Transaction Proofs = "Is this transaction valid?" (consensus)
Payload Proofs     = "What does the sender claim?" (display)

Transaction proofs affect the blockchain.
Payload proofs are just metadata for display.

Don't confuse the two!

Related: Payload Encryption (Separate Issue)

📝

Distinct from payload proofs: This page covers payload proofs (display-level, fakeable by design). A separate issue involving payload encryption was disclosed in May 2024 and fixed in Release142.

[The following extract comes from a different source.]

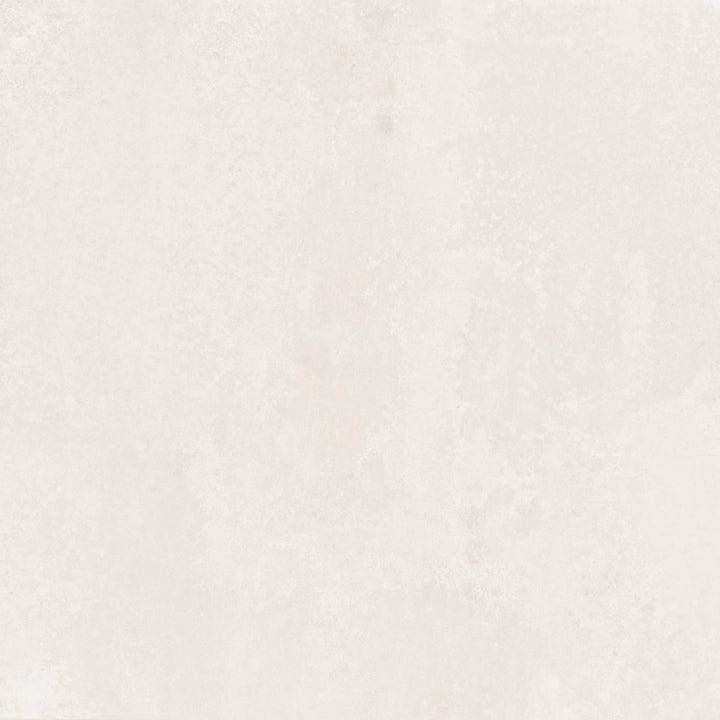 Equipe Ceramicas, Urban - 23523---Light,-Matt,-20x20cm,-9.00mm,-Rett.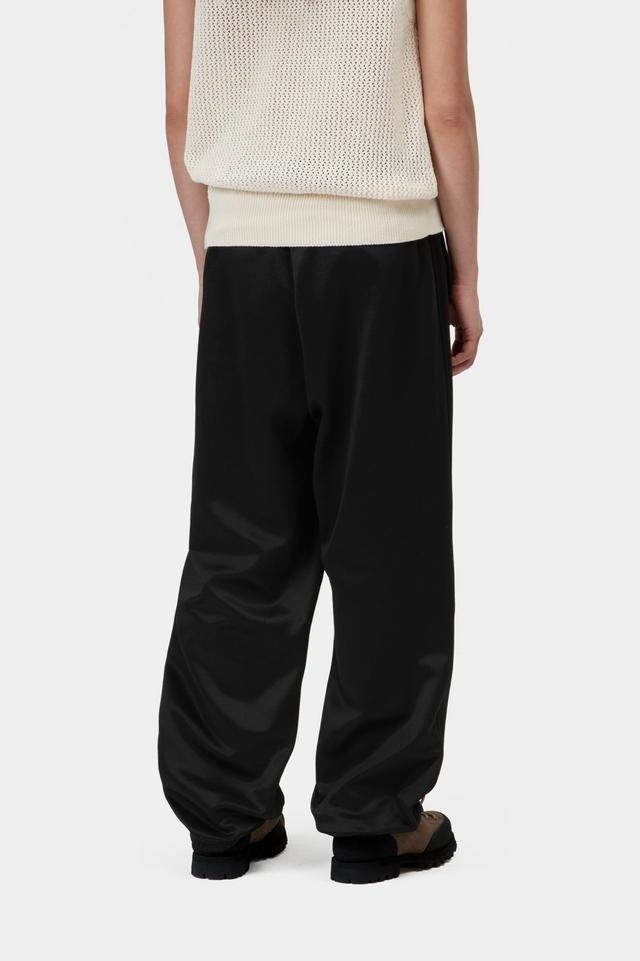 Carhartt WIP W' Conny Sweat Pant - Black/Black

The payload encryption issue involved randomness reuse between ElGamal ciphertexts and payload encryption keys. This allowed an attacker to perform trial decryption, potentially revealing sender, receiver, and amount for transactions made with vulnerable wallet software.

Key points:

  • Fixed in Release142 via ENCRYPTED_DEFAULT_PAYLOAD_CBOR_V2
  • Affected: Wallet-layer privacy (sender/receiver/amount deanonymization)
  • Not affected: Consensus layer, ledger integrity, transaction validity
  • Historical transactions made before Release142 remain potentially affected

Recommendation: Use Release142+ wallets for hardened payload encryption.